藤井聡太四段の「望外」という言葉は、将棋界ではよく使われる謙遜ワード
2018/11/25
藤井聡太四段は20連勝した際のインタビューで「僥倖」という言葉を使っていましたが、今年4月にプロデビュー以来の連勝記録を更新(11連勝)したときには「望外」と表現していました。
11連勝の新記録を樹立した際の「望外」という言葉が話題になりました。やはり今も望外という気持ち?
「・・・・そうですね。当然、自分の実力以上の結果が出ているというのが実感です」
(引用:将棋世界 2017年7月号
P.25より)
「望外」=将棋界で謙遜する際の常套句
中学生が「望外」という言葉を使うのを見て、ワイドショーなんかでは盛んに取り上げられていましたが、ぼくは別に不思議だとは思いませんでした。
なぜなら、「望外」という言葉は、将棋界では観戦記やインタビューでよく見かける言葉だからです。
これで十一連勝。デビューからの連勝記録は、棋士人生において一度しかチャレンジできない。 そこでもまた、記録を塗り替えるとは、なんということか。

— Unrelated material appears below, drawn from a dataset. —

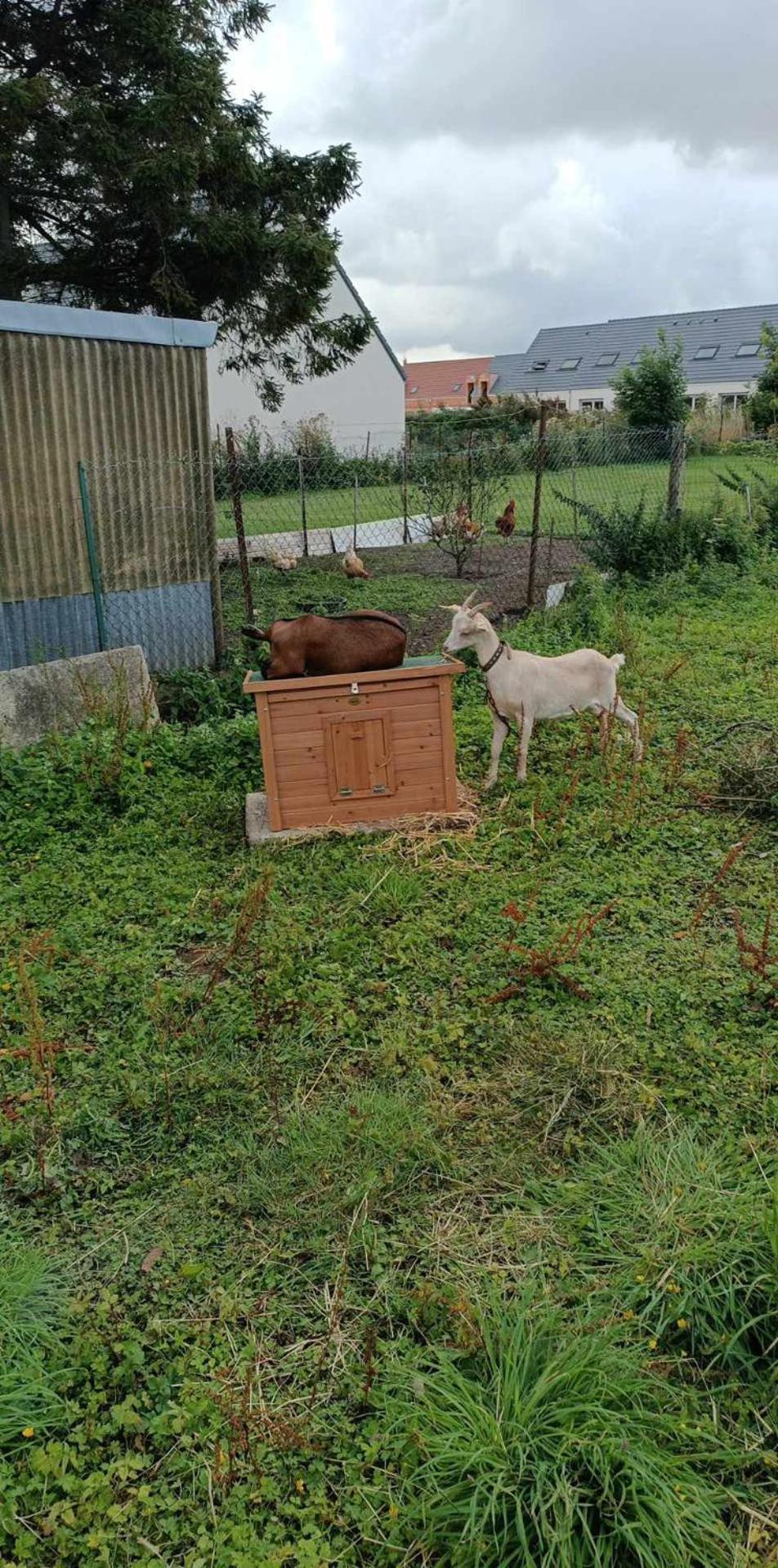 L'hippo-gite Ferienhaus *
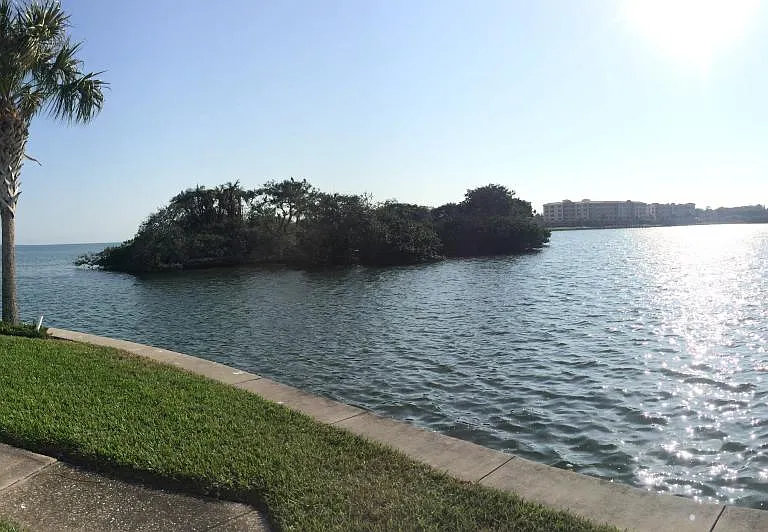View from walking by the sea wall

新四段の対局としては、異例の数の報道陣に囲まれる中、藤井はこう答えた。
「自分の実力からすると望外です」
「望外」とは、望んでいた以上のことが起きる、という意味だ。将棋界で、謙遜する際によく使われる常套句である。とはいえ、中学三年生になったばかりの少年が使えば、そこには初々しさがにじみ出る。
「望外」の使用例
その常套句が実際に使われている例がこちら。
これは永瀬拓矢六段が、C級1組に昇級した際の昇段の記の一部。
最終戦を迎えたとき、まだ昇級のチャンスが残っていたことは望外だった。
いろいろなことを思い考え尽くしたあとに、「もう昇級してもしなくてもどちらでもよい」。なぜかそういう心境になった。
(引用:将棋世界 2016年5月号
P.119より)
この永瀬六段だって当時23歳の若者ですから、将棋界に長年いる人間なら年齢に関わらず、誰だって使いうる言葉なのです。
藤井四段の本棚には将棋の本がいっぱい
さて、将棋世界2017年1月号で掲載した「ドキュメント藤井四段 ―史上最年少棋士はいかにして生まれたかー」(鈴木宏彦著)の取材でご自宅に伺った際、藤井四段の将棋本棚を見せていただきました。
5歳で将棋を覚え、14歳でプロ棋士になるまでの知識のすべてがここにありました。
残念ながら誌面では詳しく紹介できませんでしたが、藤井四段の許可を得て、ここに全蔵書リストを公開いたします。
(引用:藤井聡太四段の本棚 ―天才棋士は何を読んできたか!?―より)
藤井四段の本棚には、将棋世界や実戦集がぎっしりと収納されています。
長年それらの本を読んでいれば、おのずと「望外」という表現を何度も目にすることになります。
なので14歳の少年が使ったとしても不思議なことではなく、別にとりたてて騒ぐようなことではないのです。